El estilo que inició arrasando las pistas de baile adolescentes, por el puro hecho de soltar la pelvis deriva hacia la rebeldía, casi por accidente. Los salones se trocan en teatros y poco después en estadios. Con los jipis gana la calle y con los estudiantes inflama la revuelta. La juventud trae otra tonada. Las generaciones anteriores le vedan el paso a la clásica y a la Cultura, pero se lo brinca con ritmo. El rock es astuto, se nutre de todo, hace óperas, sinfonías, misas, epopeyas, jazz, música concreta, pastiches hindúes y un renovado concepto de África y las percusiones. Sgt. Pepper’s The Wall son admitidos en las fonotecas más exigentes, proliferan creadores e intérpretes, se multiplican las voces y contra cualquier nacionalismo se exportan al mundo entero. Da origen a otros géneros en su encuentro con lo autóctono de cada parte, así en Canadá (el país más blanco de América) como en Jamaica (el más negro), metal melódico para los vikingos, rai en el Magreb, mestizo para el Mediterráneo. Las apropiaciones son incontables en las Europas y Sudamérica, México, Senegal y Soweto.

Origina la contracultura pero se institucionaliza al llegar al poder los jóvenes que crecieron rompiéndoles los tímpanos a sus padres. Se dignifica en la poesía tras el efecto Bob Dylan, de quien aprenden los británicos a rimar con inteligencia ideas interesantes y no balbuceos imberbes. Incorpora enterita la escuela beat. Los viajes sicodélicos de San Francisco preceden no por mucho al primer extraterrestre del rock, David Bowie. En Nueva York se gesta un espacio warholiano, y otro de judíos atormentados como negros. A la par se alzan protestas juveniles, marchas por la paz y los derechos civiles, Black Power, revoluciones en el Tercer Mundo.

El rock se monta en la proliferación de los medios de reproducción y comunicación masiva. Surfea la tecnología, el mercado y el antimercado, engendra al punk que lo desprecia, se roba el alma de Detroit y se la vende a la disco, comete errores y excesos sin perder lo invicto. A cada rato surgen nirvanas y tragedias, nuevas bandas, nuevos virtuosos, nuevos líricos, nuevos bufones, nuevos locos. Ya a finales de los años 70 lo da por muerto su primera generación de nostálgicos. En tanto, invade de vuelta al jazz, la ópera, la música de concierto, al mismo blues negro, su primer canonizado: el mundo se entera de quienes eran y quienes son Muddy Waters, John Lee Hooker, Willie Dixon, Howlin’ Wolf.
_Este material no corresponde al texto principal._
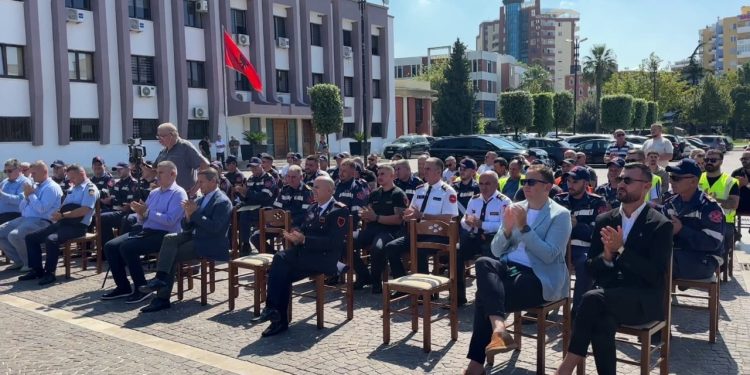 Zjarrfikësit në Lezhë nderohen me “Mirënjohje” nga bashkia për sakrificat e tyre gjatë zjarreve të verës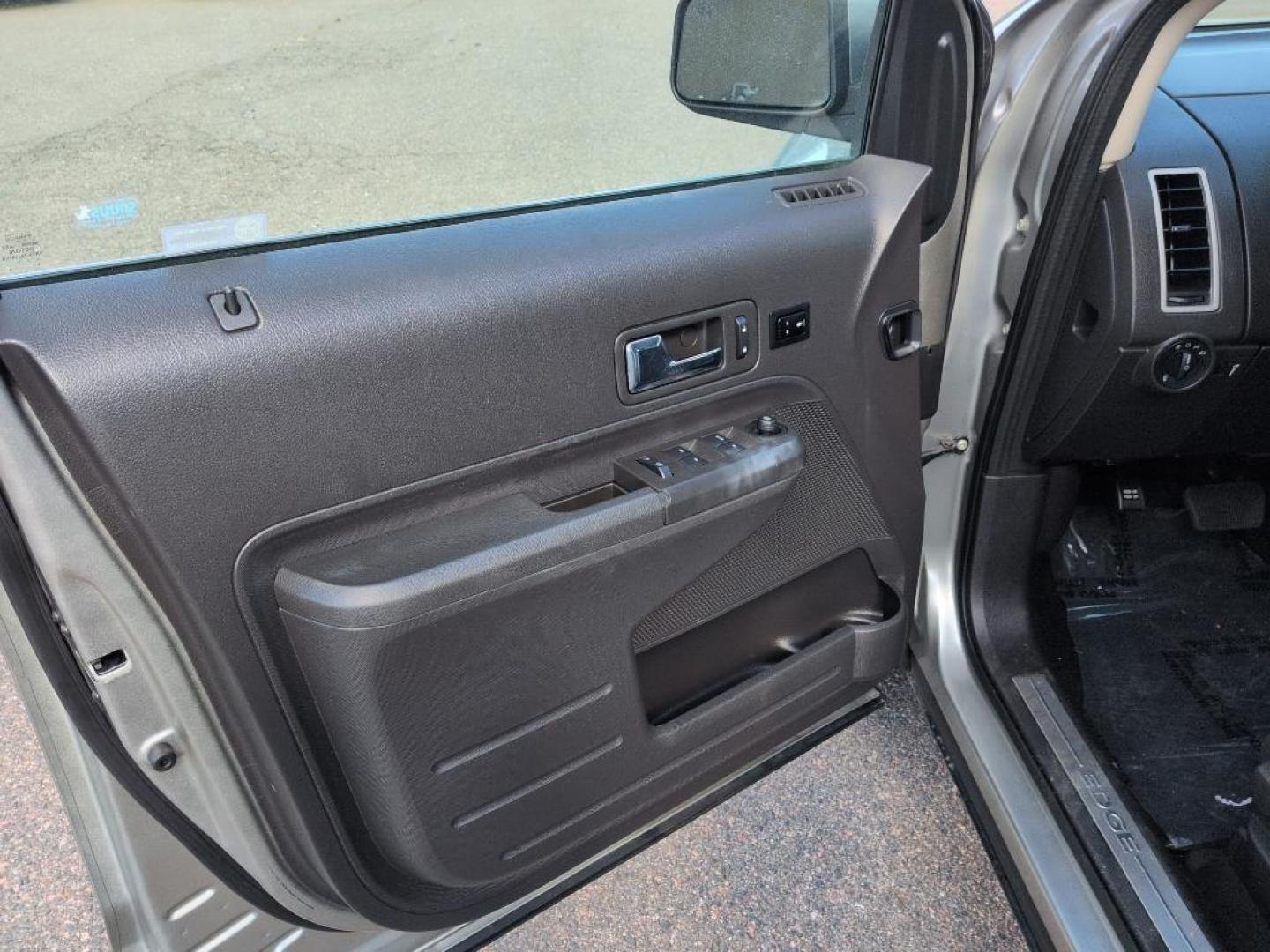 2008 SILVER Ford Edge Limited (2FMDK49C38B) with an V6, 3.5L engine, Automatic transmission, located at 10890 W. Colfax Ave., Lakewood, CO, 80215, (303) 274-7692, 39.739914, -105.120132 - Photo#9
El deschongue roquero y funk de Miles Davis se proyecta al futuro. El hedonismo se apodera de la modernidad.

Todo esto para llegar hoy a un punto muerto. ¿Qué hay de nuevo? Ya no domina el mercado, aunque su nicho sea aún jugoso. Sus mejores productos son remakes y reuniones de sobrevivientes. Hasta los indestructibles van muriendo, se hicieron ancianos bisabuelos. La juventud por primera vez mira hacia otra parte; sí, la hay roquera, pero no es dominante y cultiva nostalgias de lo que no conoció.

Su brillante bastardo, el hip hop, le ganó la partida y provocó cosas peores, como el reguetón. A quienes quedan los invitan a los Grammys para condecorarles las canas. Su Salón de la Fama es un directorio telefónico. La reina de Inglaterra hizo caballeros a una docena. A otro le dieron el Nobel. Pero después de la originalísima inventiva de Radiohead o la energía ilimitada de Jack White y Black Keys, todo parece reducirse al como si de Greta Van Fleet, la mejor versión de algo que ya fue. El rock muere de su propia muerte. Es lo natural, supongo.